Member of Parliament for Klottey Korle Constituency
- In office 7 January 2005 – 6 January 2009
- President: John Kufuor

Member of Parliament for Klottey Korle Constituency
- In office 7 January 2001 – 6 January 2005
- President: John Kufuor

Personal details
- Party: New Patriotic Party
- Profession: Lawyer

= Nii Adu Daku Mantey =

Ghanaian politician

Nii Adu Daku Mantey is a Ghanaian politician and a lawyer. He is a former member of parliament for the Klottey-Korle Constituency in the Greater Accra Region.

== Career==
Daku Mantey is a lawyer by profession.

==Political career==
Daku Mantey won his seat during the 2000 Ghanaian parliamentary election with a majority of 9018. He was a member of the 3rd parliament of the 4th republic and a member of the 4th parliament of the 4th republic representing the New Patriotic Party. He lost the seat in 2008 Ghanaian general election.

== Elections ==
Daku Mantey was elected as the member of parliament for the Klottey-Korle constituency of the Greater-Accra Region of Ghana for the first time in the 2000 Ghanaian general elections. He won on the ticket of the New Patriotic Party. His constituency was part of the 15 parliamentary seats out of 23 seats won by the New Patriotic Party. The New Patriotic Party won a majority total of 100 parliamentary seats out of 200 seats. He was elected with 29,240 votes out of total valid votes cast. This was equivalent to 51.70% of total valid votes cast. He was elected over David Lamptey of the National Democratic Congress, Nii Torgbor Coffie-Squire of the United Ghana Movement, Godwin Opare Addo of the Convention People's Party, Emmanuel C. Gustav-Lartey of the NRP and Alhaji U. Babamma Mohammed of the People's National Convention. These obtained 20,222, 2,1717, 2,298, 1,343 and 474 votes respectively of total valid votes cast. These were equivalent to 35.70%, 4.8%, 4.1%, 2.4% and 1.3% respectively of total valid votes cast.

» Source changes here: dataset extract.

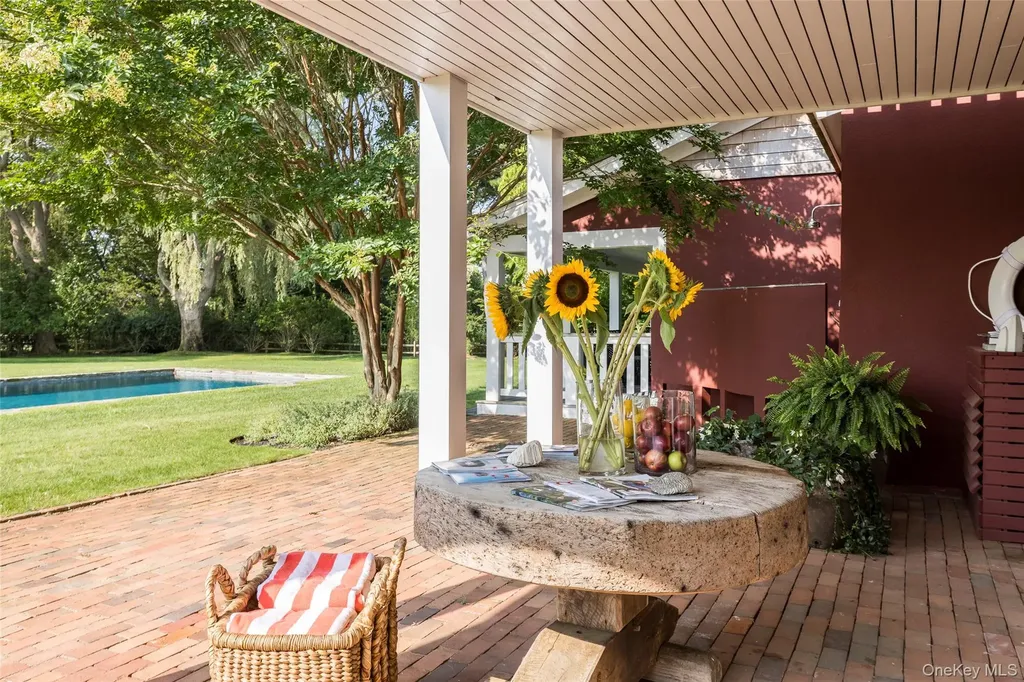 26 Ruxton Road East Hampton NY 11937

In 2004, he contested for the Klottey-Korle parliamentary seat once more. He won on the ticket of the New Patriotic Party. His constituency was a part of the 16 parliamentary seats out of 27 seats won by the New Patriotic Party in that election for the Greater Accra Region. The New Patriotic Party won a majority total of 128 parliamentary seats out of 230 seats. He was elected with 32,263 votes out of 66,527 total valid votes cast. This was equivalent to 48.5% of total valid votes cast. He was elected over Richard Addo Buckman of the People's National Convention, Ashietey Nii Armah of the National Democratic Congress and Foli Emmanuel Wonder Kwadzo of the Convention People's Party. These obtained 910, 30,351 and 3,003 votes respectively of total valid votes cast. These were equivalent to 1.4%,48.5% and 4.5% respectively of total valid votes cast.